Next, we analyzed the interaction profiles of these samples further by fitting them to Gaussian function. Table 2 lists their corresponding fitting parameters. The most important parameters are the width and the maximum peak amplitude. Base and center parameters represent the offset level and the maximum peak location, respectively. These two parameters provide minor information and could be set to fixed values, such as zero in all profiles. The multiplication of the maximum amplitude with its corresponding width can be utilized as an indicator to describe the speed of interaction. This “indicator” is listed in Table 2, last row. Accordingly, NCP2 exhibited the fastest binding, while NCP3 exhibited the slowest binding with the arrangement from fast to slow being as follows: NCP2, NCP1, RBD, and NCP3.
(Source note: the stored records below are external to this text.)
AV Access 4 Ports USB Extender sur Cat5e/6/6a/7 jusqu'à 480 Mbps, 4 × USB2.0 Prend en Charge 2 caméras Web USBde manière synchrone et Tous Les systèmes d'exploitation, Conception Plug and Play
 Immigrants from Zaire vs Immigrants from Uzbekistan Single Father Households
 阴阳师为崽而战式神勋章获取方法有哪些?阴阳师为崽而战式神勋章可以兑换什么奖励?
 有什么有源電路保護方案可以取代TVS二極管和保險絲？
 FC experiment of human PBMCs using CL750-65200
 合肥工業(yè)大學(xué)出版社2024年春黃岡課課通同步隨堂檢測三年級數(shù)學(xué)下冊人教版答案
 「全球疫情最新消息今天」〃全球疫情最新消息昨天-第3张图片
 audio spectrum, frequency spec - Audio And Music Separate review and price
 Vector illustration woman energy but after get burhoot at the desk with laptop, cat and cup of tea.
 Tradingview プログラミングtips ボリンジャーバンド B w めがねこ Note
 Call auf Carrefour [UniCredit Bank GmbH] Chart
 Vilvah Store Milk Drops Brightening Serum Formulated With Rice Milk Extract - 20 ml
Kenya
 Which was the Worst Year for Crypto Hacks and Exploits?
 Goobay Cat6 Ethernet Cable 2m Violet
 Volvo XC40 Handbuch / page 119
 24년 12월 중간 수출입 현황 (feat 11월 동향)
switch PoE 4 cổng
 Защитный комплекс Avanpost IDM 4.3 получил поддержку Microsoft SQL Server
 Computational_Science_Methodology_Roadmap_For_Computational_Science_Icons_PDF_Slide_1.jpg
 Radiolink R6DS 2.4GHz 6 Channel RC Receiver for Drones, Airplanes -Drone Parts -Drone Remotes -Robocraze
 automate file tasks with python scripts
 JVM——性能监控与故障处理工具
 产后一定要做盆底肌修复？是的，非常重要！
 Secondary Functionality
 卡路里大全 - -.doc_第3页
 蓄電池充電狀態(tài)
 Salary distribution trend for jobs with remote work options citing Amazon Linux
Practical Applications of the Proposed Technique

The optical approach presented in this study can be easily turned into a functional working system to detect SARS-CoV-2 or any other viral or bacterial pathogen against which an antibody is available that can detect it sensitively. Currently, there are several available handheld portable spectrophotometers, which are compact and lightweight, and equipped with wireless communication system for data transmission. The data can be received by the smart phone through Bluetooth or Wi-Fi technologies equipped with a mobile app designed to process the received optical profiles over time. The collected optical profiles vs. time can then be processed immediately using the smart phone processor and computational resources. The results can be displayed on the same smart phone immediately as well. The antibody could be coated on flexible strips and kept inside packs with medium. These strips can be used directly for loading the nasal swab in-position within a fabricated holder using 3D printing technology. The 3D printed holder can be designed to integrate the portable sensor and the smart phone as well. The concept of strips can be further used to detect different specimens taken from blood, breath, urine, nasal swabs, stool, etc. For example, the subject can breathe, exhale, or sniff into a device with a probe coated with antibodies. If binding occurs, the integrated device should be able to pick up the interaction, confirming that the patient is infected with the virus to which the antibodies are directed against.
The current methodology provides a rapid, reproducible, and accurate detection mechanism that can be used to create home-based COVID-19 detection tests that can be used by anyone. The authors envision that such tests would not require any laboratory setting, and could be performed using test strips coated with antibodies without prior sample processing. Interestingly, our approach does not require any electrode patterning, which makes it the best fit for massive production and high-volume use. It can be adapted as a point-of-care testing platform with high-throughput to be used in schools, airports, malls and public services places as well. The cost per test is expected to be less than one dollar, which will make it competitive with current market price. The detection platform can be easily equipped with standard electronic data transmission systems to transmit and process data in place and share it with family, doctors, and hospitals over wireless transmission. Furthermore, the platform can be deployed in high-risk areas with ease-of-use and clear steps to load the specimen and easy to understand instructions to operate.
Furthermore, when compared with other detection concepts and methodologies, the presented approach can distinguish between influenza and coronaviruses. ACE2 binds directly to the viral spike protein, while ACE2 plays an important role in acute lung injury induced by influenza viruses [49], which can be correlated with disease severity [50]. Hence, the proposed methodology can be used in reverse where the spike protein can be used for ACE2 detection.

5. Conclusions

In summary, this study provides proof-of-principle for an optical-based, quick, simple, and sensitive screening technology for the detection of SARS-CoV-2. It is based on the principle that when light passes through a sample, interactions between the photons and sample occurs within a specific range of wavelengths. The current approach utilizes a smartphone light source and a portable mini-spectrophotometer to convert the variations in light intensity into measured signal. The optical responses could further be analyzed using the principle component analysis technique to enhance and allow precise detection of the specific target in a multi-protein mixture. This approach can be further developed to accommodate mass screening that should provide fast and accurate positive or negative test results.

Author Contributions

M.A.A. conceived the study. M.A.A., F.M. and T.A.R. designed the experiments. M.A.A. and N.P. performed the experiments. M.A.A., F.M. and T.A.R. analyzed the data. All authors have read and agreed to the published version of the manuscript.

Funding

This work was supported by UAEU grant 31R129.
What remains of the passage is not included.